Single Line Representation of Typical Power System

Impedance Diagram Representation of a Power System:

A further simplification from the single line diagram, with its symbols for the various components, is to draw the diagram with impedances only.

The impedance diagram of the power system of Fig. 2.7 is shown in Fig. 2.8:

Impedance Diagram for the Power System

In impedance diagram, each component is represented by its equivalent circuit, e.g., the synchronous generator at the generating station by a voltage source in series with a resistance and reactance, the transformer by its equivalent circuit and the transmission line by nominal π-equivalent circuit. Loads are assumed to be passive (not involving rotating machines) and are represented by resistance and inductive reactance in series. Neutral earthling impedances do not appear in the diagram as balanced conditions are assumed.

The impedance diagram shown in Fig. 2.8 is known as positive sequence diagram since it is drawn for a balanced 3-phase system. Still another possibility would be to use three separate diagrams to represent the positive, negative and zero sequence networks separately. These three separate impedance diagrams are used in short circuit studies of unsymmetrical faults.

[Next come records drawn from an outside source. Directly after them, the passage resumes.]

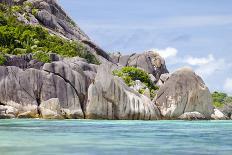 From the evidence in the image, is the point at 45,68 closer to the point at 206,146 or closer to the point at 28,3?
the point at 206,146

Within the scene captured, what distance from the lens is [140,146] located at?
16.4 meters

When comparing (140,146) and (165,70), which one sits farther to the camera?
(165,70)

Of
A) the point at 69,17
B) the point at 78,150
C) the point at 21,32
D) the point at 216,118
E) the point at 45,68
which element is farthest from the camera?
the point at 69,17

Reactance Diagram Representation of a Power System:

The impedance diagram can further be simplified by making certain assumptions and reduced to simplified reactance diagram. Reactance diagram is drawn by neglecting effective resistance of generator armature, transformer winding resistance, transmission line resistance, line charging and the magnetizing circuit of transformers.

Reactance diagram of power system of Fig. 2.7 is shown in Fig. 2.9:

Reactance Diagram for Power System

Assumptions made for drawing reactance diagram give results quite accurate for many power system studies, such as short circuit studies etc., as winding resistances including the line resistances are quite small in comparison with leakage reactance and shunt path which includes line charging and transformer magnetizing circuit provide a very high parallel impedance with fault.

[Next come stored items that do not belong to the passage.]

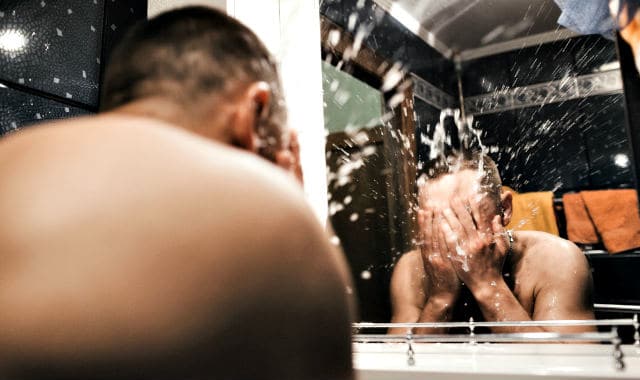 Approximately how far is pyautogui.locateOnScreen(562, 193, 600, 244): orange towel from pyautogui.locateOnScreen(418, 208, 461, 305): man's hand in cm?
27

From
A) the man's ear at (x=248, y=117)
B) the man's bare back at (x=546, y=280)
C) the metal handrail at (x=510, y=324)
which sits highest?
the man's ear at (x=248, y=117)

In general it is to be noted that if the resistance is less than one-third of the reactance, and resistance is ignored, the error introduced will not be more than 5%. If, however, the resistance is of the order of one-half that of reactance and resistance is ignored errors up to 12% may be introduced. By “errors” it is meant that calculations will result in values higher than is actually the case being obtained and in some cases, lead to the purchase of protective gear with a higher rating than required.